— DATA SECTION —
[Start of Attachment]
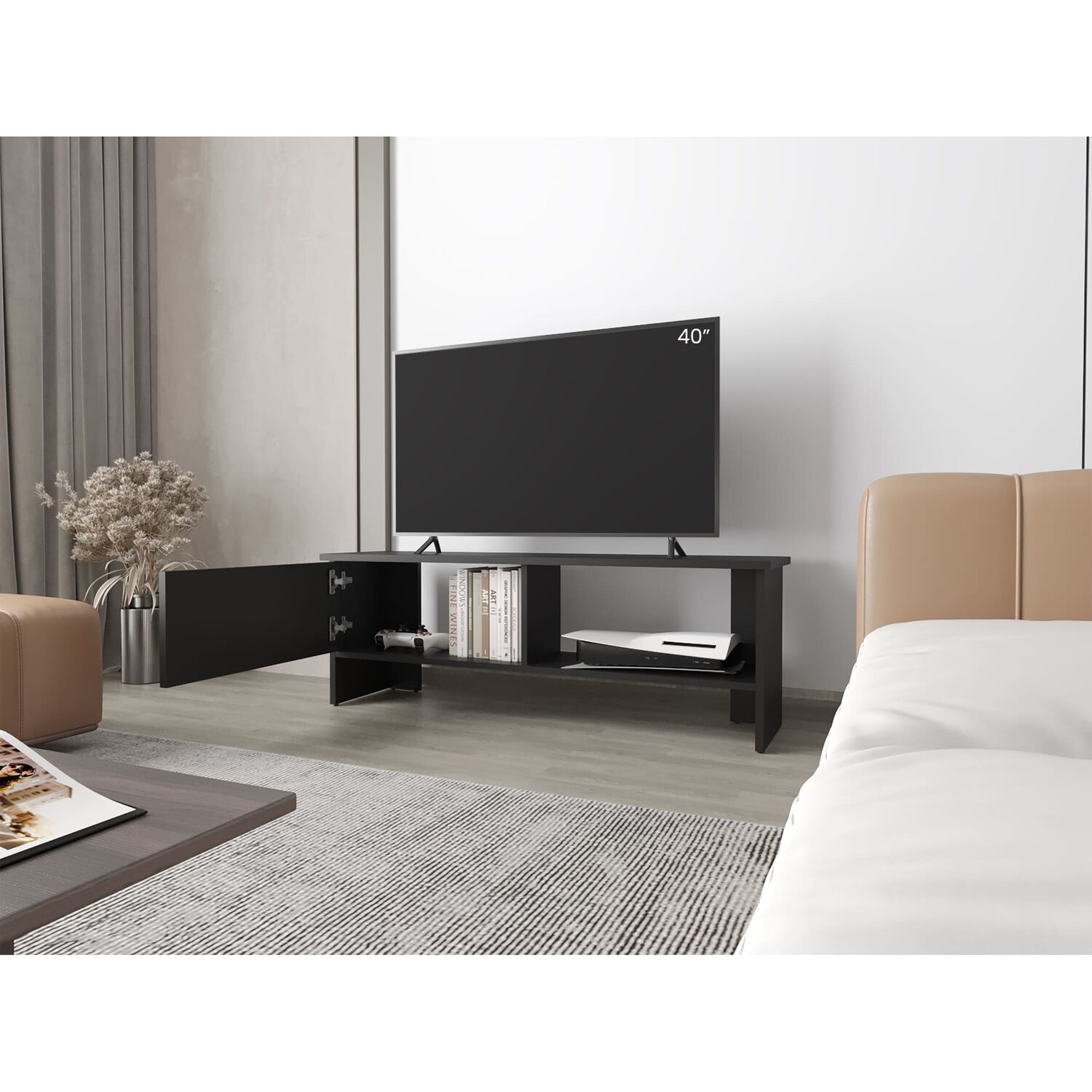 Rack Tv 65" 42,2x120,3x31,1 Cm 1 Puerta Abatible image number 5.0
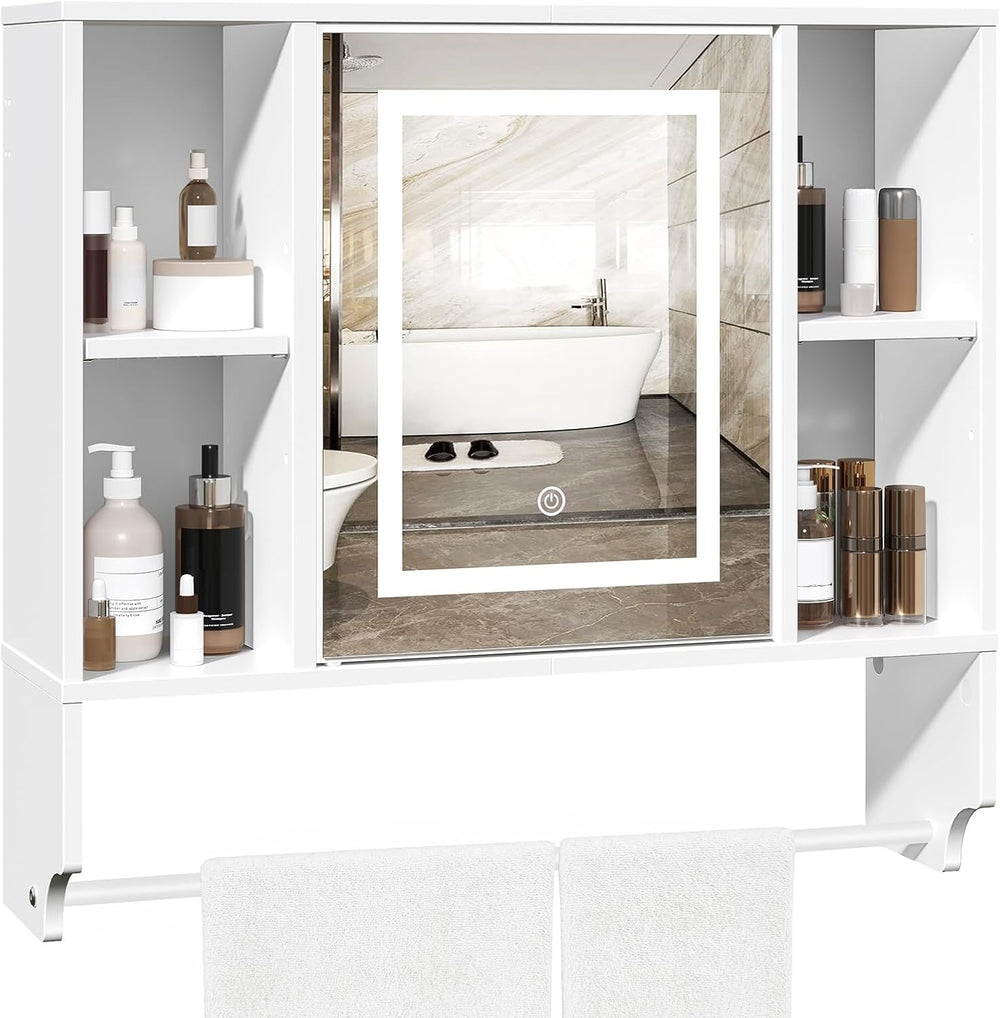 MAHANCRIS Bathroom Wall Cabinet with Mirror, Wall Mounted Medicine Cabinet wi...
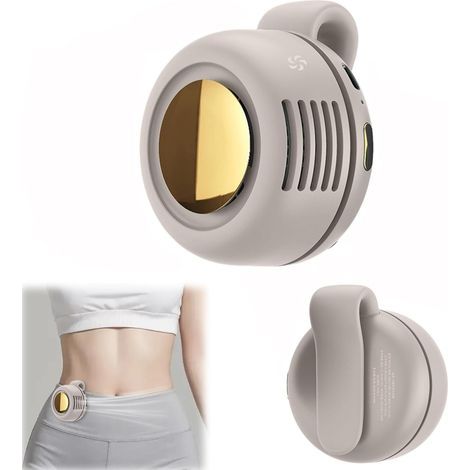 Muntra-Mini ventilateur silencieux sans pales portable avec clip de taille, ventilateur mains libres rechargeable avec 3 vitesses pour voyage, bureau, chemise, cadeau d'été pour les amateurs de plein (1/5)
[End of Attachment]
The whole listing above, line by line, needs to be copied exactly, except for any images.

— RESPONSE BELOW —
 Rack Tv 65" 42,2x120,3x31,1 Cm 1 Puerta Abatible image number 5.0
 MAHANCRIS Bathroom Wall Cabinet with Mirror, Wall Mounted Medicine Cabinet wi...
 Muntra-Mini ventilateur silencieux sans pales portable avec clip de taille, ventilateur mains libres rechargeable avec 3 vitesses pour voyage, bureau, chemise, cadeau d'été pour les amateurs de plein (1/5)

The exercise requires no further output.